Below is a block of records; reproduce all of them exactly and leave out any pictures.

**DATASET EXCERPTS**.
--- START ---

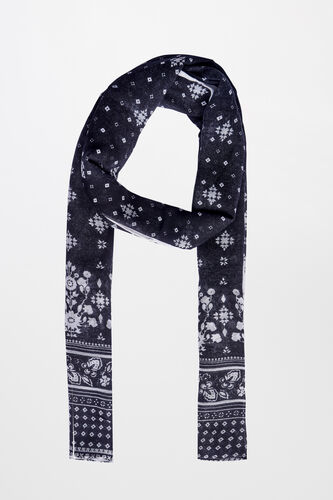 Black Scarf, , image 1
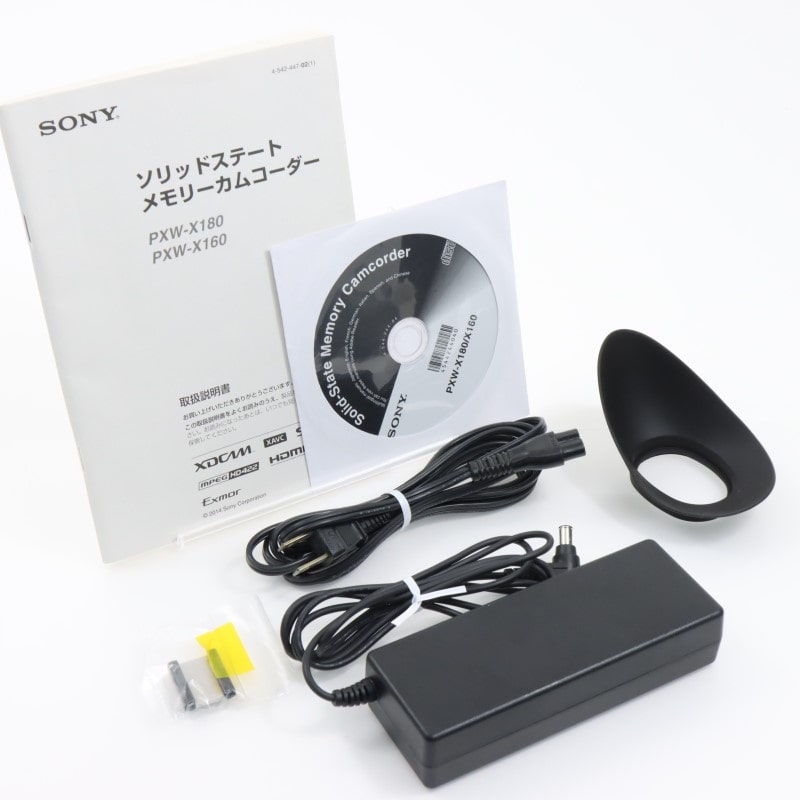 PXW-X160 [XDCAMメモリーカムコーダー]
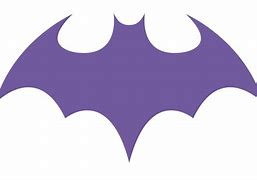 Image result for Purple Bat Symbol
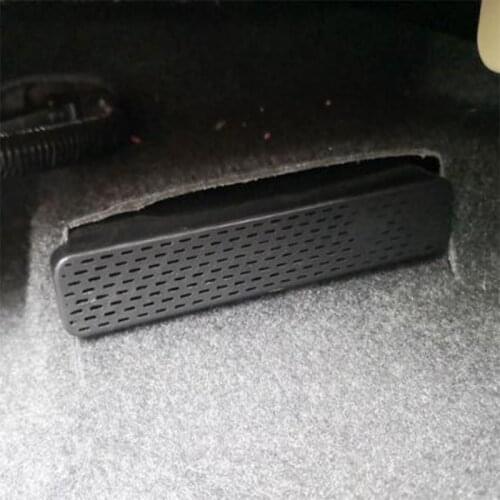 2pcs/Set Auto Under Seat Air Vent Cover Car AC Heat Floor Air Outlet Duct Grille Only For Camry 2018 Car Interior Accessories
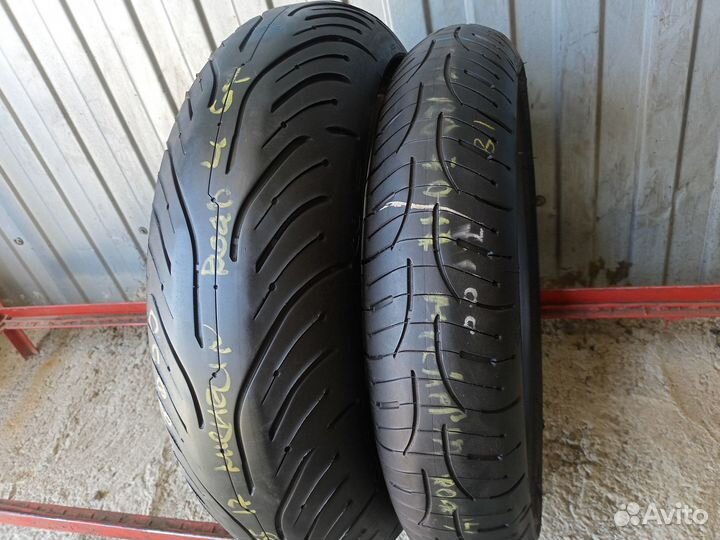 Michelin pilot road 4 gt 190 55 17 120 70 17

--- END ---

**YOUR SOLUTION**.
 Black Scarf, , image 1
 PXW-X160 [XDCAMメモリーカムコーダー]
 Image result for Purple Bat Symbol
 2pcs/Set Auto Under Seat Air Vent Cover Car AC Heat Floor Air Outlet Duct Grille Only For Camry 2018 Car Interior Accessories
 Michelin pilot road 4 gt 190 55 17 120 70 17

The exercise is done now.